FINANCIAL INSTRUMENTS
The Group adopted IFRS 9 Financial Instruments in the comparative quarter, 2018 Q1, which did not result in any changes to the Group and Company's financial statements.
Fair Values
The Company's financial instruments consist of cash and cash equivalents, trade and other receivables, investments, and trade and other payables. Financial instruments are initially recognized at fair value with subsequent measurement depending on classification as described below. Classification of financial instruments depends on the purpose for which the financial instruments were acquired or issued, their characteristics, and the Company's designation of such instruments. The Company has classified its financial instruments as follows:
| Investments | Amortised |
|
As at 31 March 2019 | at FVTPL £ | Cost £ | Total £ |
|
|
|
|
Cash and cash equivalents | - | 401,656 | 401,656 |
Trade and other receivables | - | 123,443 | 123,443 |
Non-current investments | 682,671 | - | 682,671 |
Trade and other payables | - | (645,603) | (645,603) |
|
|
|
|
| 682,671 | (120,504) | 562,167 |
Financial instruments measured at fair value on the statement of financial position are summarized into the following fair value hierarchy levels.
a) Level 1: quoted prices (unadjusted) in active markets for identical assets or liabilities.
b) Level 2: inputs other than quoted prices included within Level 1 that are observable for the asset or liability, either directly (i.e. as prices) or indirectly (i.e. derived from prices).
c) Level 3: inputs for the asset or liability that are not based on observable market data (unobservable inputs).
OUTSTANDING SHARE DATA
As of the reporting date of this MD&A, the Company had 177,899,659 ordinary shares issued and outstanding. There were also 28,603,477 share purchase warrants outstanding as follows.

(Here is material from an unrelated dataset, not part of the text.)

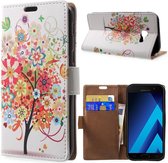 Samsung Galaxy A5 (2017) Portemonnee Print Hoesje Tree Oranje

Warrants outstanding | Exercise price* | Issue date | Expiry date |
300,000 | C$0.083 (£0.048) | 30 January 2018 | 8 September 2019 |
911,861 | C$0.225 (£0.129) | 18 April 2018 | 17 April 2021 |
27,391,616 | C$0.300 (£0.172) | 18 April 2018 | 17 April 2023 |
* Exercise prices in GBP are determined by reference to the underlying Canadian Dollar price and the exchange rate as at 31 March 2019.
RISKS AND UNCERTAINTIES
· No Assurance of Titles or Borders
The acquisition of the right to exploit mineral properties is a very detailed and time-consuming process. There can be no guarantee that the Company has acquired title to any such surface or mineral rights or that those rights will be obtained in the future. To the extent they are obtained, titles to the Company's surface rights or mineral properties may be challenged or impugned and title insurance is generally not available. The Company's mineral properties may be subject to prior unregistered agreements, transfers or claims and title may be affected by, among other things, undetected defects. Such third-party claims could have a material adverse impact on the Company's operations.
Mineral Property Exploration and Mining Risks
The business of mineral deposit exploration and extraction involves a high degree of risk. Few properties that are explored ultimately become producing mines. At present, none of the Company's properties has a known commercial ore deposit. The main responses to operating risks include: ensuring ownership of and access to mineral properties by confirmation that option agreements, claims and leases are in good standing and obtaining permits for drilling and other exploration activities. There can be additional risks involved in some countries where pending applications for claims or licenses can be affected by government changes to application procedures.
Some of the Company's mineral properties are located within or near local communities. In these areas, it may be necessary as a practical matter to negotiate surface access with these local communities. There can be no guarantee that, despite having the legal right to access a mineral property and carry on exploration activities, that the Company will be able to negotiate a satisfactory agreement with the existing land owners or communities for this access. Therefore, the Company or one of its joint venture partners may be unable to carry out exploration activities on a property. In those circumstances where access has been denied by a local community or land owner, the Company may need to rely on the assistance of local officials or the courts to gain access or it may be forced to abandon the property.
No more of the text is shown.